Default format includes all embeddings

Step 2: Export in compact format

sudo ai-trainer export --output model_compact.json --format compact

Expected Output: Compact model export without full embeddings

Note

Reduces export file size

Step 3: Export statistics as JSON

sudo ai-trainer export --output model_stats.json --format stats --json

Expected Output: Model statistics without embeddings

Note

Lightweight statistics export

Step 4: Full export with JSON envelope output

sudo ai-trainer export --output model.json --format full --json

Expected Output: Complete model export with JSON status envelope

Note

Combines full embeddings export with structured output

Scenario 5: Snapshots

Model versioning and snapshot management

Step 1: Create model snapshot with version

sudo ai-trainer snapshot --snapshot-version 1.0.0

Expected Output: Versioned snapshot created successfully

Note

Preserves model state at specific version

Step 2: List all model snapshots

sudo ai-trainer list-snapshots

Expected Output: List of saved model versions

Note

Shows snapshot metadata and versions

Step 3: List snapshots as JSON

sudo ai-trainer list-snapshots --json

Expected Output: JSON-formatted snapshot listing

Note

Structured snapshot information

Step 4: Create snapshot with JSON output

sudo ai-trainer snapshot --snapshot-version 1.0.0 --json

Expected Output: JSON with snapshot name, version, and embedding count

Note

Structured output for automation

Scenario 6: Model Download

Download ONNX and GGUF model files for AI engine tiers

Step 1: Download ONNX embeddings model to default models/ directory

sudo ai-trainer download-model

Expected Output: Model files downloaded successfully

Note

Downloads all-MiniLM-L6-v2 ONNX model and tokenizer

Step 2: Download default GGUF model (Qwen3-1.7B Q4_K_M, ~1.1GB)

sudo ai-trainer download-model --llm

Expected Output: GGUF model downloaded to models/ directory

Note

Best balance of quality, speed, and size for CPU inference

Step 3: Download small GGUF model (Qwen3-1.7B Q4_K_S, ~1.0GB)

sudo ai-trainer download-model --llm small

Expected Output: Small GGUF model downloaded

Note

For systems with <4GB available RAM

Step 4: Download large GGUF model (Phi-3.5-mini, ~2.3GB)

sudo ai-trainer download-model --llm large

Expected Output: Large GGUF model downloaded

Note

Better reasoning, 128K trained context

Step 5: Download 8B GGUF model tuned for SPEED (Qwen3-8B Q4_K_M, ~4.8GB)

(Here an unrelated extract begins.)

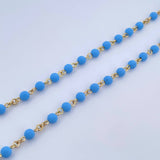 Rosario Virgen Maria 12.8gr / 54.6cm / 4.6mm Neoprenos Azules Oro Amarillo 18K &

sudo ai-trainer download-model --llm xlarge

Expected Output: Qwen3-8B Q4_K_M downloaded

Note

8-billion-parameter Qwen3 at 4-bit quantization. Use on 8+ GB RAM systems for faster tokens-per-second. Lower quality than xlarge-hq, higher than default.

Step 6: Download 8B GGUF model tuned for QUALITY (Qwen3-8B Q5_K_M, ~5.6GB)

sudo ai-trainer download-model --llm xlarge-hq

Expected Output: Qwen3-8B Q5_K_M downloaded

Note

8-billion-parameter Qwen3 at 5-bit quantization. Recommended on 16+ GB RAM systems. Best local-LLM quality available in the catalog. About 15 percent slower than xlarge.

Step 7: Download both ONNX embeddings and default GGUF model

sudo ai-trainer download-model --all

Expected Output: All model files downloaded

Note

Complete setup for all AI tiers

Step 8: List downloaded and available models

sudo ai-trainer download-model --show-models

Expected Output: Model inventory with sizes and status

Note

Shows what's installed and what can be downloaded

Step 9: Model inventory as JSON

sudo ai-trainer download-model --show-models --json

Expected Output: JSON with downloaded and available model details

Step 10: Force re-download of ONNX model

sudo ai-trainer download-model --force

Expected Output: Model files re-downloaded

Note

Overwrites existing files

Scenario 7: Status

Model status and health checks

Step 1: Show training status

sudo ai-trainer status

Expected Output: Current model status and statistics

Note

Displays model readiness and metrics

Step 2: Show training status as JSON

sudo ai-trainer status --json

Expected Output: JSON-formatted status information

Note

Structured status output for automation

Scenario 8: AI Tier Integration

Training operations related to the 6-tier AI engine (TF-IDF, ONNX, Mistral.rs, GenAI/Ollama, Legacy LLM, Claude)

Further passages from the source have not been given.